----- Data

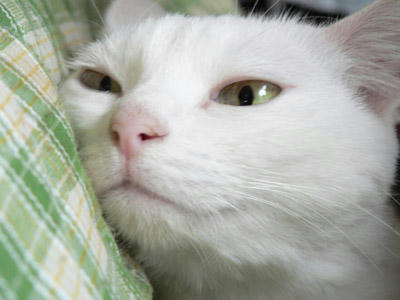 なに見てんのよ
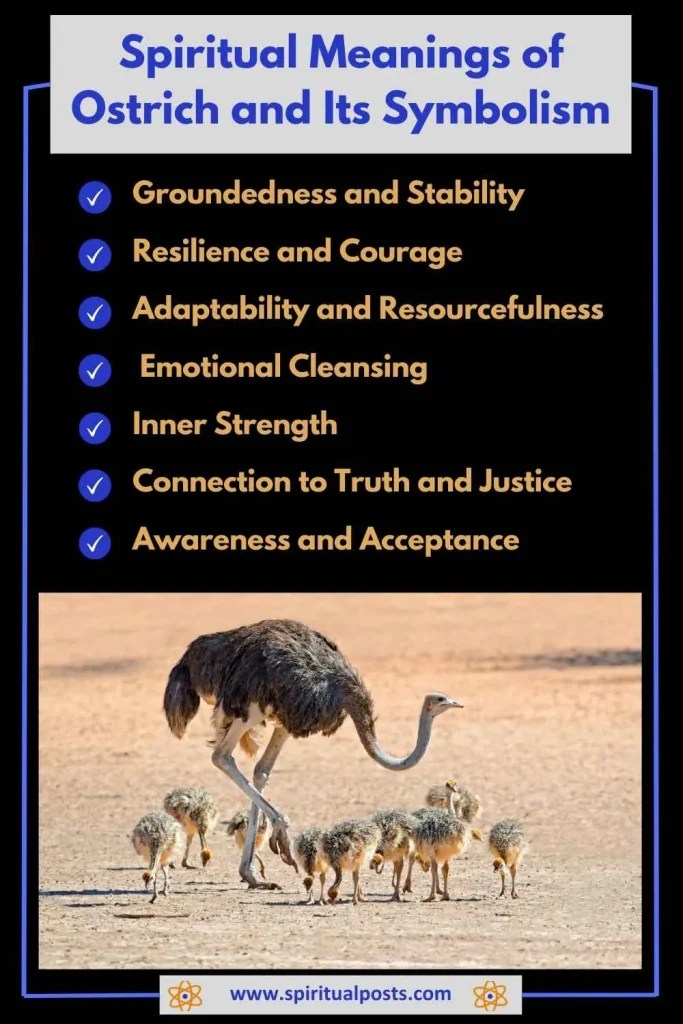 spiritual-meaning-of-ostrich-and-its-symbolism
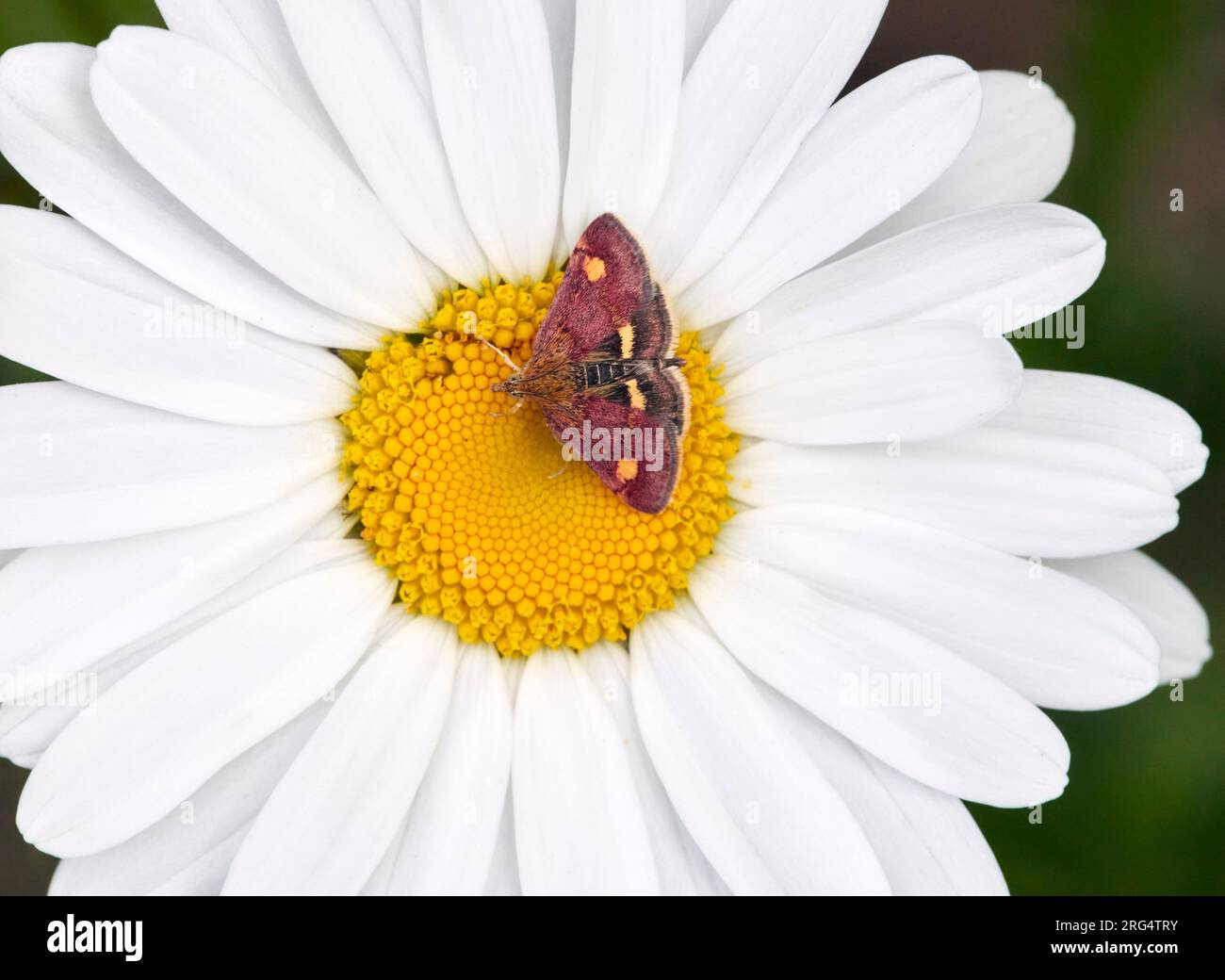 Menthe Moth sur Oxeye Daisy. Molesey RESERVOIRS nature Reserve, West Molesey, Surrey, Angleterre. Banque D'Images
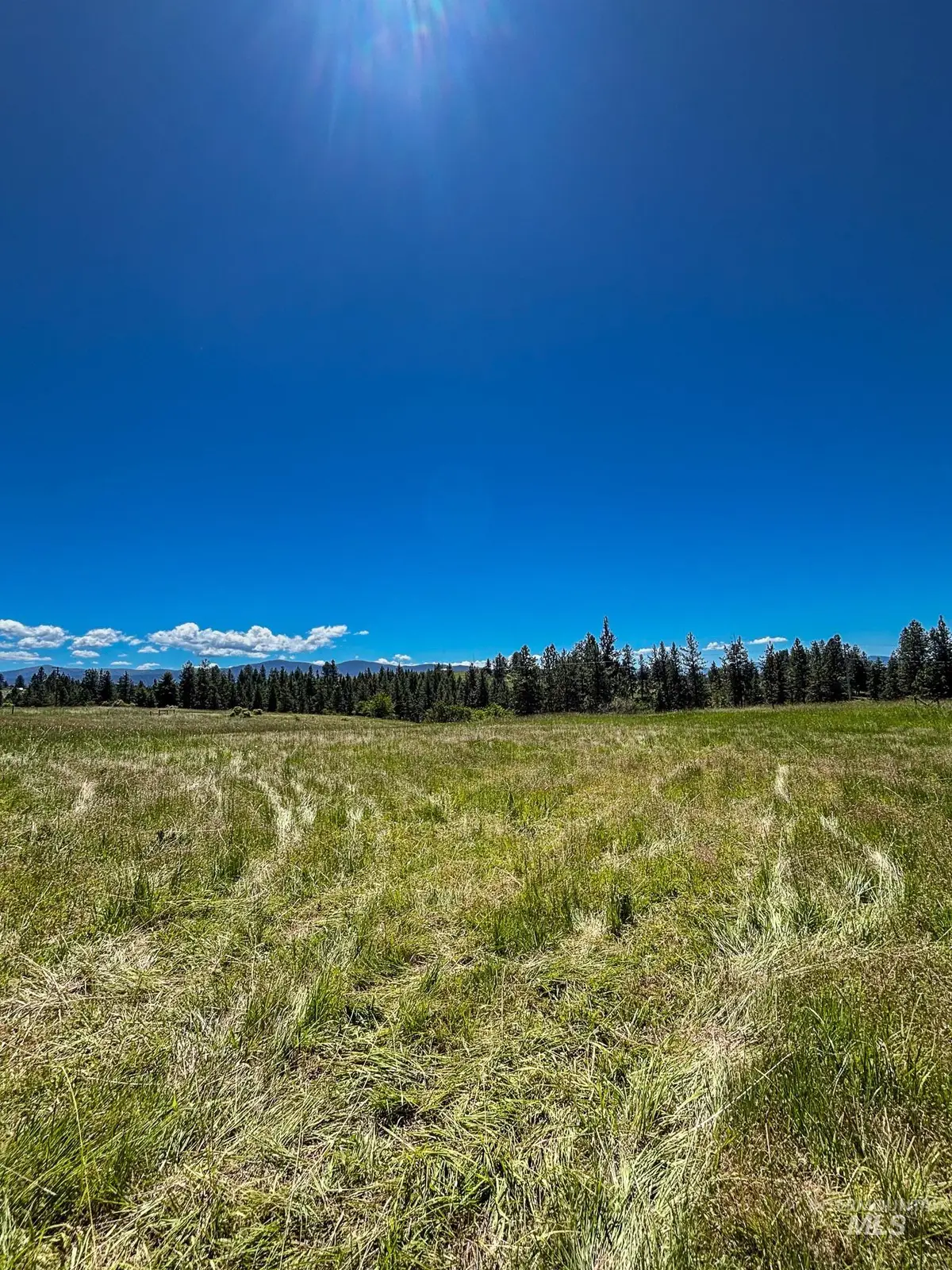 180 Williams Road, Kooskia, ID 83439 - #1
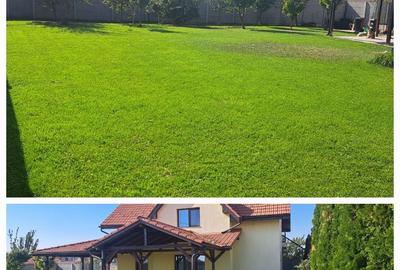 Casă cu 4 camere în Zimandcuz - 3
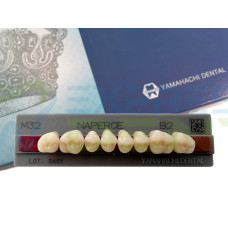 Зуби Yamahachi, жувальна група, B2 M32, верх, 8шт.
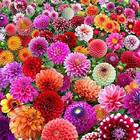 Flowers Wallpaper 4K آئیکن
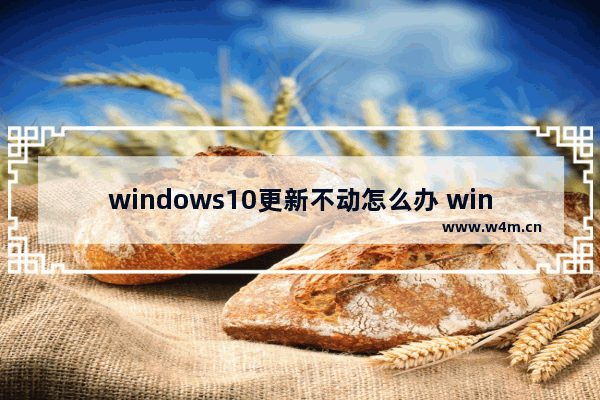 windows10更新不动怎么办 windows10更新不动了怎么解决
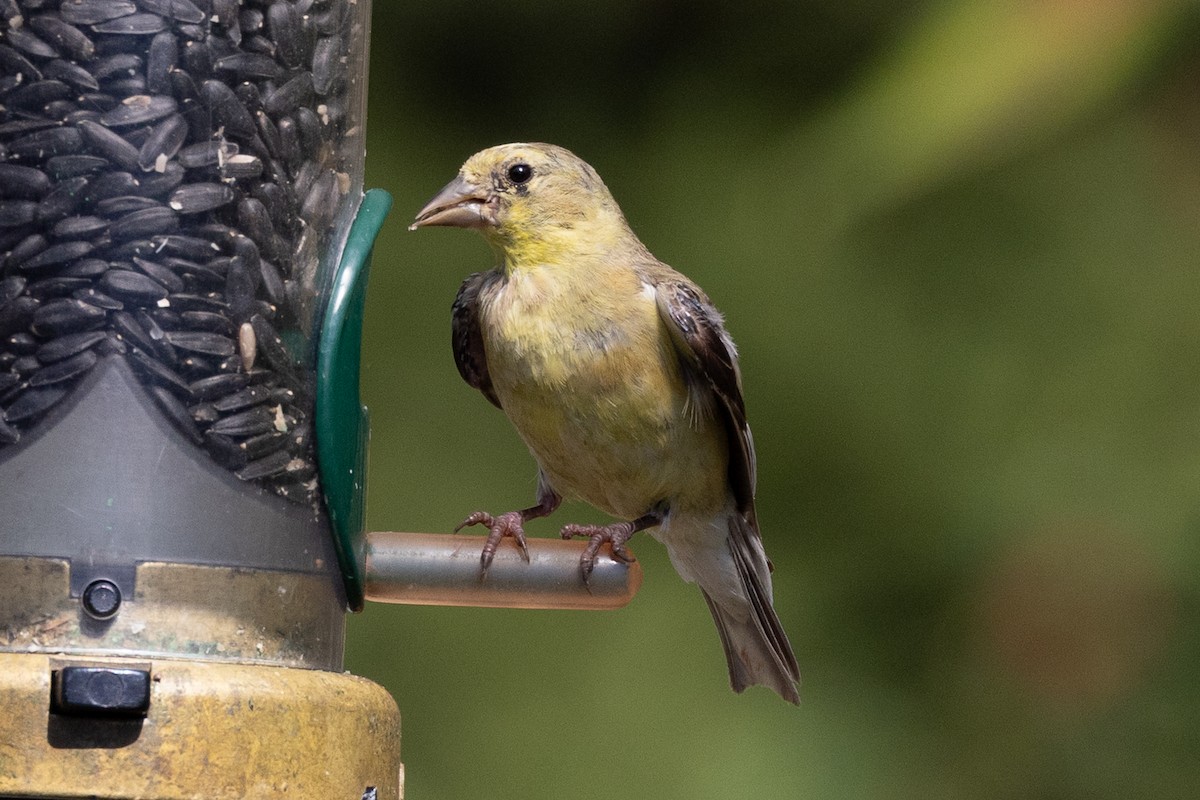 American Goldfinch - ML640795327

----------

## What the task asks
Where the line with "Casă cu 4 camere în Zimandcuz - 3" appears in the entries above, begin there and restate every line to the end word for word, minus the pictures.

## Solution to this problem
 Casă cu 4 camere în Zimandcuz - 3
 Зуби Yamahachi, жувальна група, B2 M32, верх, 8шт.
 Flowers Wallpaper 4K آئیکن
 windows10更新不动怎么办 windows10更新不动了怎么解决
 American Goldfinch - ML640795327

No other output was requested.